[Suggestion] Move jobs between queues, change the job body, custom metadata for a better failure handling

Revisor commented 8 years ago

Hi, this suggestion is connected to #170 in that both concern the handling of failed jobs.

I would like to handle failed jobs as follows:

NACK the failed job with an ever growing delay (#170)
If the number of retries is higher than X, move the job to a failure queue (dead letter queue) with a new TTL, so that it can be inspected manually and acted upon

Neither of these actions are possible in Disque right now and if using a workaround - adding a new, copied job - we lose both the job ID as well as the NACK and add. delivery counters.

That's why I would like to propose four enhancements (proposals 3. and 4. are different solutions of the same problem):

Allow to NACK a job with a delay (#170)
Allow to move a job to a different queue with a new TTL
Allow callers to change the job body
OR even better, if feasible: Implement custom job metadata support, like NACKs and additional-deliveries but user-defined and mutable

Ad 3. We use the job body to store job metadata. We use metadata to work around missing features 1. and 2. - we store the original job ID as well as the total number of retries there. It could also be helpful to eg. save the exact time and reason the job has failed. This requires changing the existing job body. Supporting custom, mutable job metadata as a first class citizen in Disque would be even better.

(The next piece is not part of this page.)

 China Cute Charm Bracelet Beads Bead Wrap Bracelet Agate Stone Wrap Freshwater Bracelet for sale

The point of all these suggestions is to keep the ID of a job intact throughout its lifetime while allowing for a more complex handling (delayed NACKing, moving between queues, storing extra details).

What do you think? Are the suggestions too complex? Are they useful?

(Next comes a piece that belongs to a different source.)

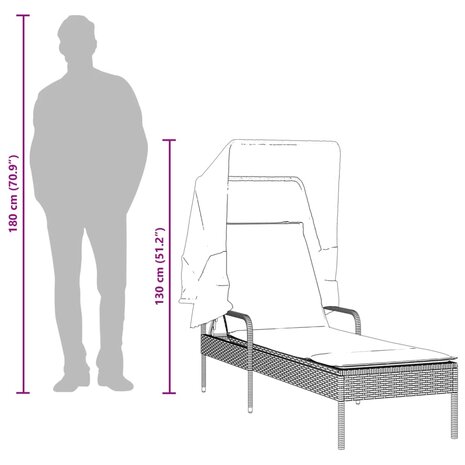 Ligbed met luifel en tafel poly rattan zwart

mathieulongtin commented 8 years ago

I kind of like the BURY and KICK command of Beanstalkd for that. When a job is problematic, you bury it, it stays in the queue but is never distributed. If you fix the problem, you can kick it and it will be distributed again.

https://github.com/kr/beanstalkd/blob/v1.3/doc/protocol.txt

Another option for Disque would be to stay pretty bare-boned but allow Lua functions to be loaded for customized behaviour like you're describing. For example, some queue might have a Lua callback on nack that set the retry time, or if too many retries have been done, push the job elsewhere.

On Sun, Feb 28, 2016 at 11:53 AM Revisor notifications@github.com wrote:

Hi, this suggestion is connected to #170 https://github.com/antirez/disque/issues/170 in that both concern the handling of failed jobs.

I would like to handle failed jobs as follows:

NACK the failed job with an ever growing delay (#170 https://github.com/antirez/disque/issues/170)

If the number of retries is higher than X, move the job to a failure queue (dead letter queue) with a new TTL, so that it can be inspected manually and acted upon

Neither of these actions are possible in Disque right now and if using a workaround - adding a new, copied job - we lose both the job ID as well as the NACK and add. delivery counters.

That's why I would like to propose four enhancements (proposals 3. and 4. are different solutions of the same problem):

Allow to NACK a job with a delay (#170 https://github.com/antirez/disque/issues/170)

Allow to move a job to a different queue with a new TTL

Allow callers to change the job body

OR even better, if feasible: Implement custom job metadata support, like NACKs and additional-deliveries but user-defined and mutable

Ad 3. We use the job body to store job metadata. We use metadata to work around missing features 1. and 2. - we store the original job ID as well as the total number of retries there. It could also be helpful to eg. save the exact time and reason the job has failed. This requires changing the existing job body. Supporting custom, mutable job metadata as a first class citizen in Disque would be even better.

The point of all these suggestions is to keep the ID of a job intact throughout its lifetime while allowing for a more complex handling (delayed NACKing, moving between queues, storing extra details).

What do you think? Are the suggestions too complex? Are they useful?

— Reply to this email directly or view it on GitHub https://github.com/antirez/disque/issues/174.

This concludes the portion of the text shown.